La diversité de la grille horaire des émissions présentées au petit écran risque d'être menacée avec l'entrée en vigueur du Fonds des médias, s'inquiète le vice-président principal de Radio-Canada, Sylvain Lafrance. Selon lui, ce système de financement pourrait même remettre en question le mandat de la SRC.

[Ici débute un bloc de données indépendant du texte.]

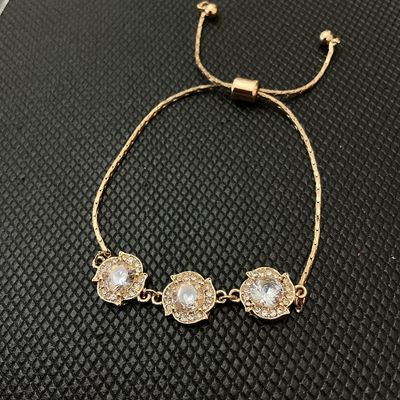 Sale Photo Thumbnail #156: Gold-tone adjustable slider/bolo style bracelet featuring three flower-shaped central stations set with clear faceted rhinestones and surrounded by smaller crystal accents. The adjustable slider bead allows for a customizable fit. Three main decorative el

La mise en place l'an prochain de ce nouveau programme, né de la fusion du Fonds canadien de télévision et de celui des nouveaux médias, ne fait pas l'unanimité auprès des télédiffuseurs. Du côté de Radio-Canada et de Télé-Québec, on craint que les règles d'attribution de ce fonds - destiné notamment au financement des émissions - favorisent les émissions qui obtiennent de grosses cotes d'écoute.

 

«Est-ce qu'on produit Tout sur moi ou est-ce qu'on produit une émission qui fait 1,5 million (de cotes d'écoute)? a demandé Sylvain Lafrance, lors d'un point de presse hier, qui se tenait à l'issue d'un déjeuner organisé par l'Académie canadienne du cinéma et de la télévision où il a prononcé un discours. On a beaucoup dit qu'il fallait créer des émissions à succès. Les mots me font un peu peur, laisse-t-il tomber. Si on essayait tous de créer l'émission la plus populaire, on finirait tous par créer la même émission.»

Et si l'offre télévisuelle présente moins de diversité, les téléspectateurs pourraient bien décider de bouder le petit écran québécois au profit des chaînes étrangères, souligne le grand patron de la SRC. «On dit souvent que les Québécois sont attachés à leur télévision, c'est vrai. Mais si on ne crée pas de la diversité, ils ne le seront pas dans 10 ans.»

«Je crains un glissement du mandat de Radio-Canada, ajoute-t-il du même souffle. On ne peut pas d'une main nous demander de faire du distinctif et de l'autre main nous financer sur le populaire. C'est un paradoxe énorme.»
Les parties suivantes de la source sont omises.